Apesar de ainda não ter estreado na carreira política, Renan já segue a mesma pegada dos outros membros do clã em um outro aspecto: a relação conturbada com a polícia e com a Justiça. Em março, o Zero Quatro tornou-se réu por lavagem de dinheiro e falsidade ideológica após a Polícia Civil do Distrito Federal apontar em investigação que ele usou informações falsas de sua empresa de eventos para conseguir empréstimos junto a bancos. O inquérito mostra que Maciel Alves, sócio e instrutor de tiro de Renan, inventou um laranja para abrir uma conta bancária, além de a empresa ter informado uma receita fictícia de 4,6 milhões de reais — com a qual os empréstimos eram aprovados. A defesa afirmou que Renan foi vítima de um golpe e que esclareceria os fatos “no curso do processo”. Na última semana, o banco pediu a apreensão de bens de Renan após os credores não conseguirem entregar a intimação para a dívida de 360 000 reais. Com a repercussão negativa, o ex-presidente decidiu que vai quitar o débito do filho, afirmam aliados. Até a última quinta-feira, 11, o pagamento ainda não havia sido feito. Em 2021, ainda no governo Bolsonaro, Renan e seu preparador físico, Allan Lucena, foram alvos de investigação da Polícia Federal por suspeitas de tráfico de influência e lavagem de dinheiro após a dupla ter recebido um carro elétrico de representantes de uma empresa e, pouco tempo depois, a marca ter conseguido encontro com o então ministro do Desenvolvimento Regional, Rogério Marinho. A investigação concluiu que não houve crime.

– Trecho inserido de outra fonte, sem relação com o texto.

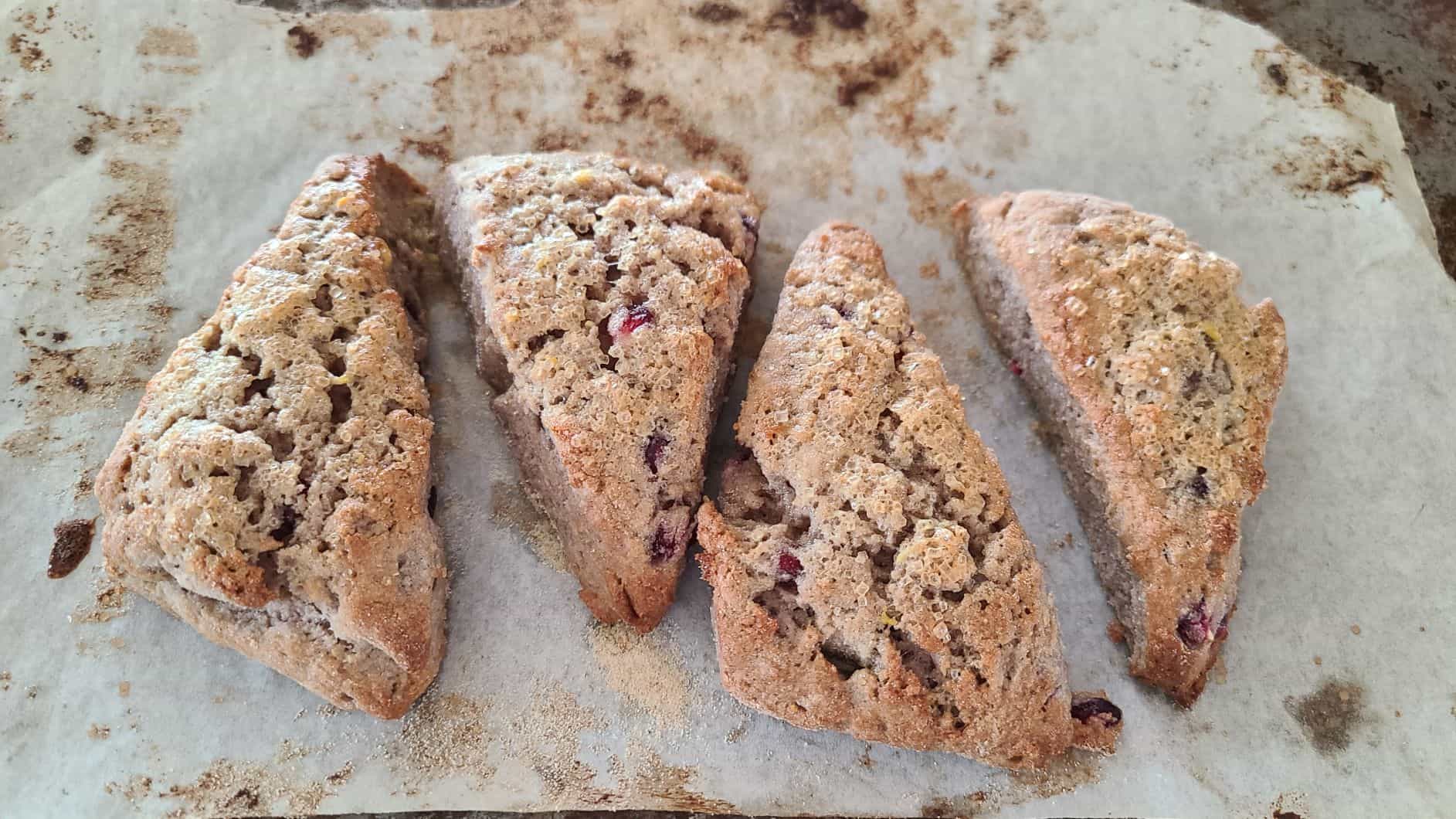 four glute-free scones sitting on a piece of parchment paper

Seguindo o exemplo dos membros mais velhos da família, Jair Renan se diz vítima de perseguição política por ser um Bolsonaro e segue em frente. Enquanto não se torna político com mandato, ele se descreve como “influenciador digital” e empresário. Em 2019, começou a cursar análise de desenvolvimento de sistemas em uma faculdade particular de Brasília — onde morava com a mãe, Ana Cristina Valle, ex-esposa de Bolsonaro —, mas não chegou a se formar. Também ingressou em direito, mas novamente deixou o curso. Com a fama de filho-problema de Bolsonaro, Renan tem histórico de festas, mulheres, paixão por armas e declarações polêmicas na internet. Na pandemia, a exemplo de Jair pai, chamou a doença de “gripezinha”, incentivou o chamado “tratamento precoce” da doença e se posicionou contra a vacina. No que depender de Jair filho, tudo isso são águas passadas. Ele quer agora mostrar ao eleitorado do balneário catarinense que filho de peixe peixinho é.